I think for many practical purposes the frontier open weight models are almost universally good enough for most things. There may be greater and greater frontiers but at q certain point it becomes like IQ. Having a 150 IQ doesn’t mean you’ll be more successful at any particular task over someone with a 125 IQ. Indeed there’s a diminishing return on intelligence on many utility functions where being more intelligent yields more be same or worse ultimate outcomes. It might very well be the person with a 150 IQ could understand some extraordinarily complex and esoteric concepts faster, but it doesn’t mean with more effort the 125 IQ person can’t either; and sometimes that extra time spent yields better outcomes overall.

I suspect AI will be somewhat similar where even if the linear scaling laws continue to hold the practical utility of a model flattens for almost all conceivable use cases.

In some ways I already feel this has begun to happen.

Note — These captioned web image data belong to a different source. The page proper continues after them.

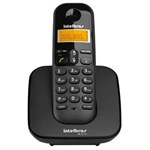 Ficha técnica e caractérísticas do produto Telefone Sem Fio Digital TS 3110 Intelbras TS3110 com ID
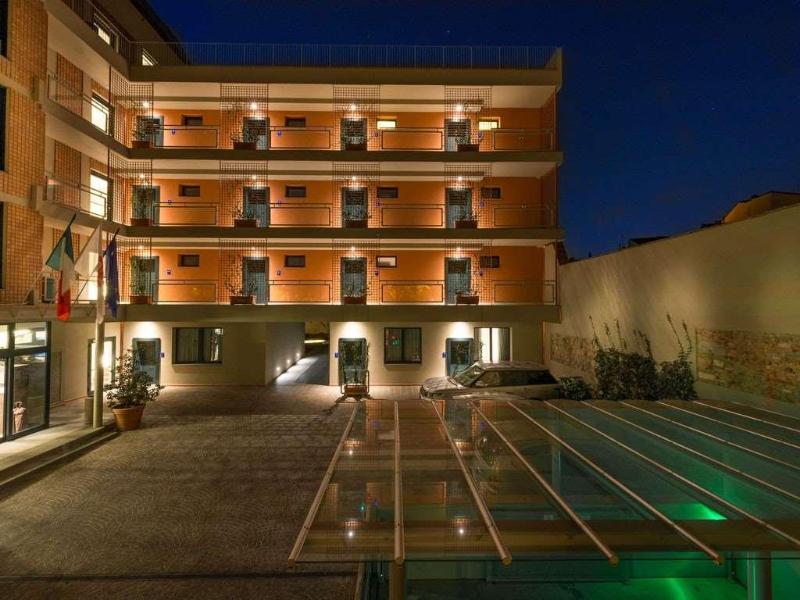 Forte16 Apartments View & Spa - Genel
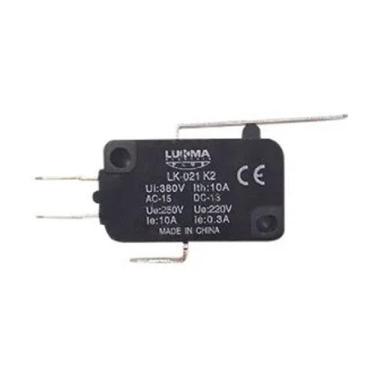 Imagem de Chave fim de curso lk-021 k2-101d lukma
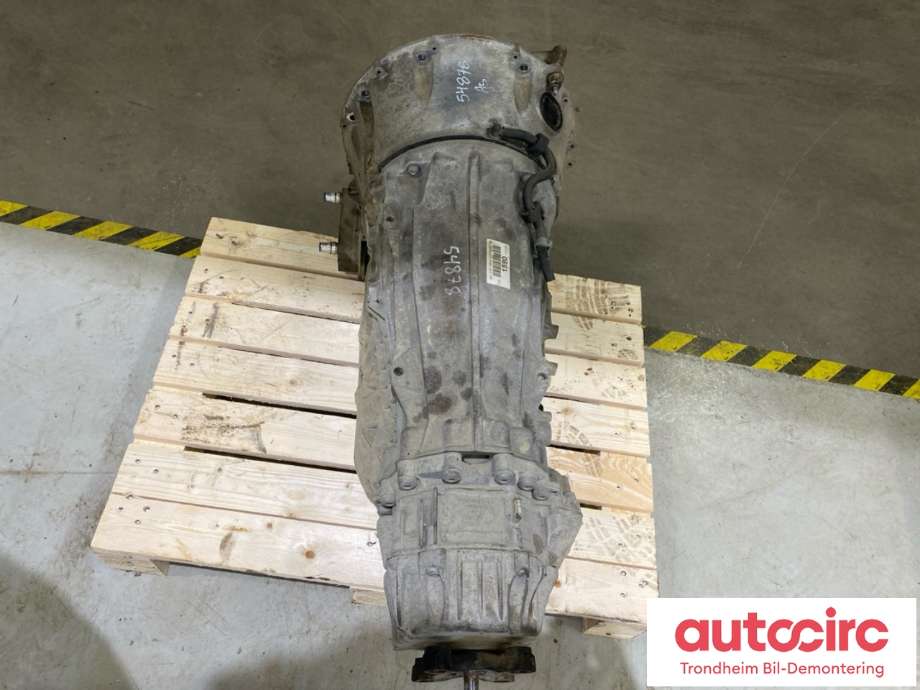 Girkasse 4WD komplett automat til Mercedes Vito 2014-->> (W447) (W447) (A4472700901|A7252802900|A7252804100)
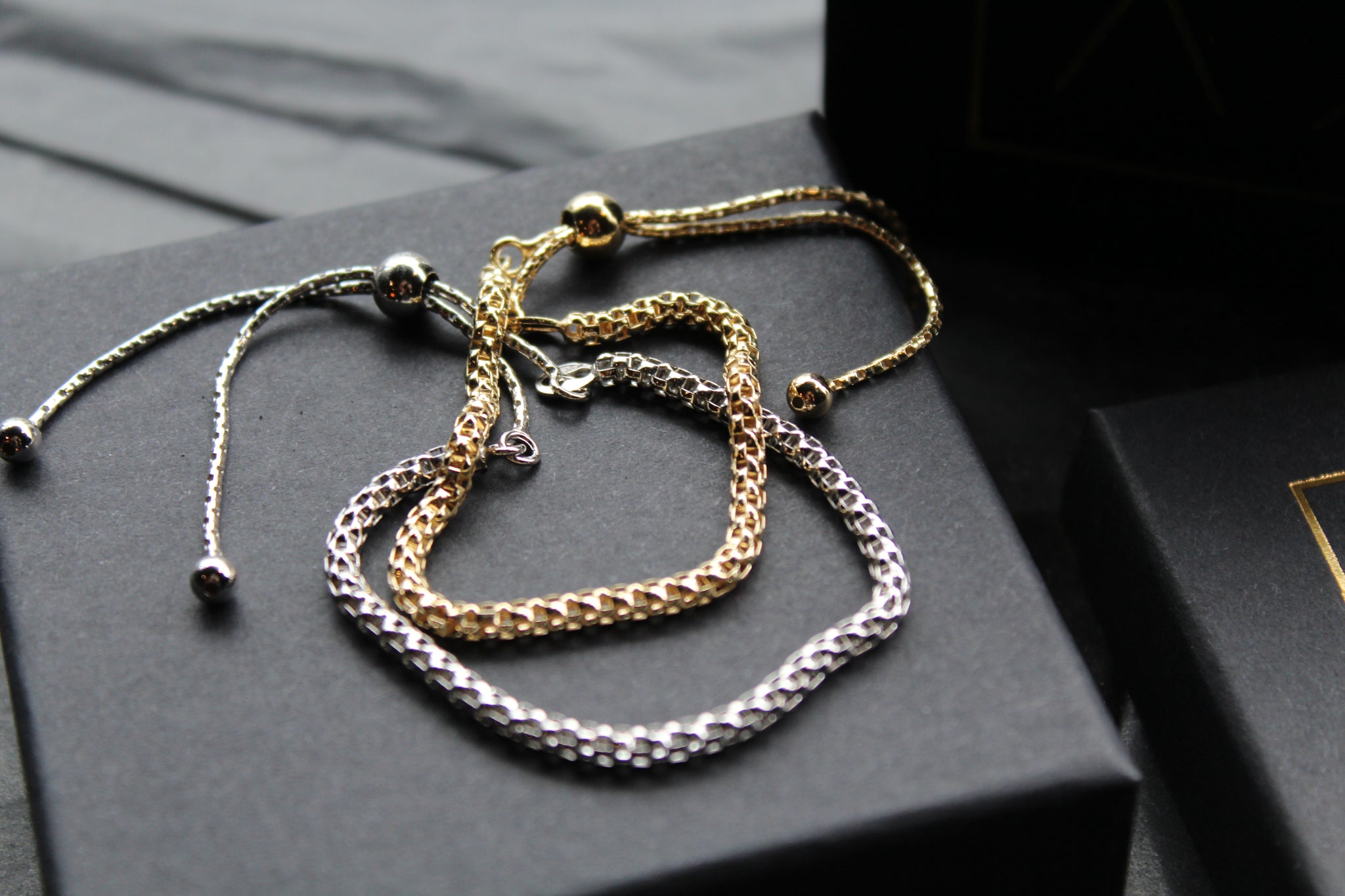Mens popcorn chain on sale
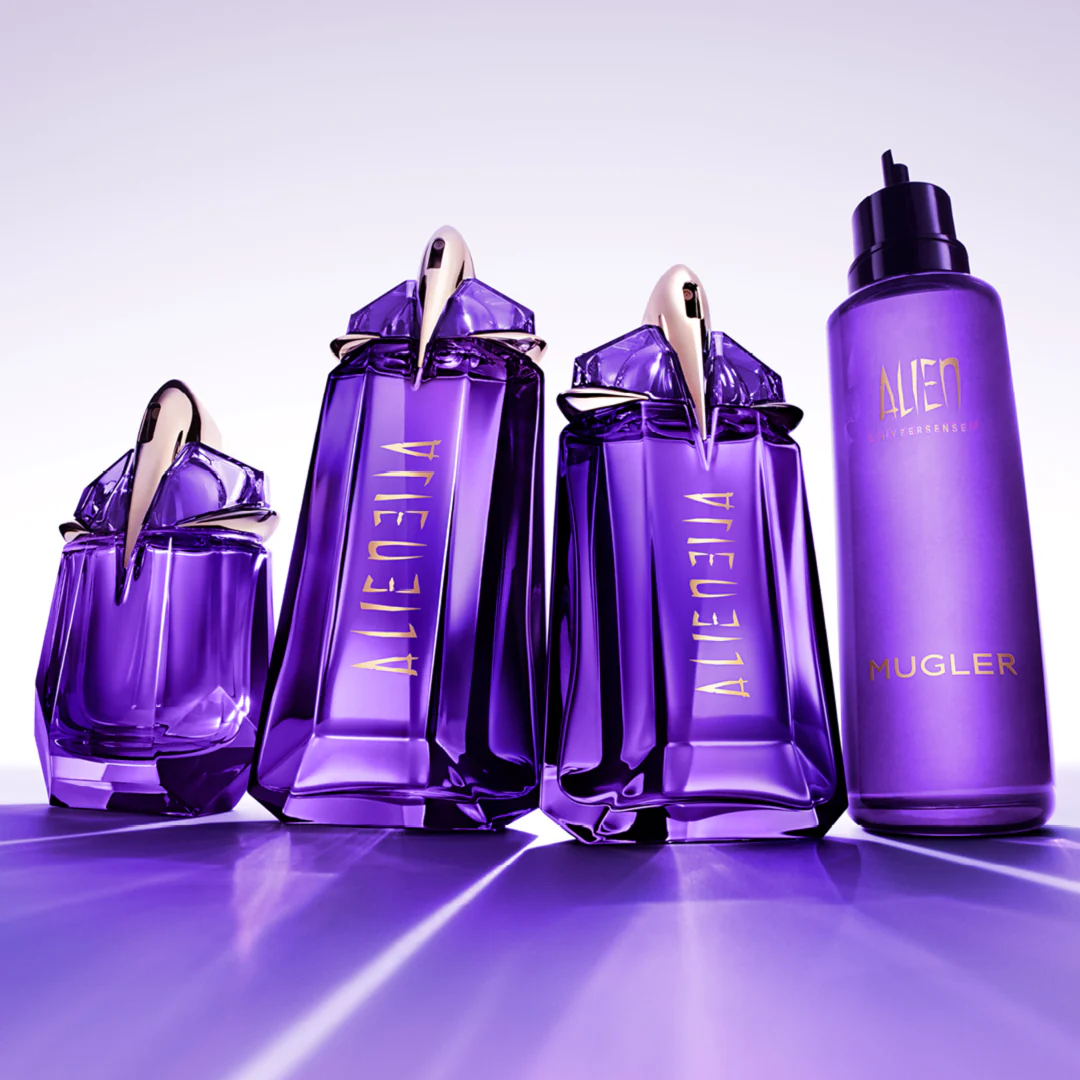Mugler Alien Eau de Parfum Refill Bottle - Image 7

The marginal utility of opus class models and fable has in my perception begun to flatten. While I can tell the differences they aren’t earth shattering. I could continue to use the present models for the rest of my life and be ludicrously more productive simply by adapting within their constraints through ever more sophisticated applications.

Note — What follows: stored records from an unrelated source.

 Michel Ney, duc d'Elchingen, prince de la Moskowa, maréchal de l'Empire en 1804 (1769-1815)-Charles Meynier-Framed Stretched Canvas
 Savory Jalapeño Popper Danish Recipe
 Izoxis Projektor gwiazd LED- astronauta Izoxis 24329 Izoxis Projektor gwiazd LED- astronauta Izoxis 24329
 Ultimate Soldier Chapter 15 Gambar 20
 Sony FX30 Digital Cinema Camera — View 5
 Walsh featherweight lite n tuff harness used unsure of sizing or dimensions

What holds back the open weights IMO is hardware scaling and industrial production. As the enormous transfer of wealth in debt and equity markets unfolds with semiconductor and adjacent companies and the corresponding capital investments are made, and the eventual bubble pop leading to over capacity and market flooding, as well as advances in technology, math, techniques, and efficiencies, will make very large open weight models more directly attainable. This will also lead to chimera models that MOE very large models to get very close to the 1-2T parameter dense models, at which point I suspect utility for almost all uses is nearly fully saturated.

There will be areas where more capable models are needed but they will be frontier models on frontier problems. This, IMO, is inevitable, and without some criminalization of weights (see the attempts to criminalize encryption algorithms in the 20th century and all the wonderful tshirts that emerged). It’ll be harder to print a trillion parameter model on a shirt but I’m sure someone will try, as will governments try to keep us in our boxes slaving for food coupons and basic rights like health care.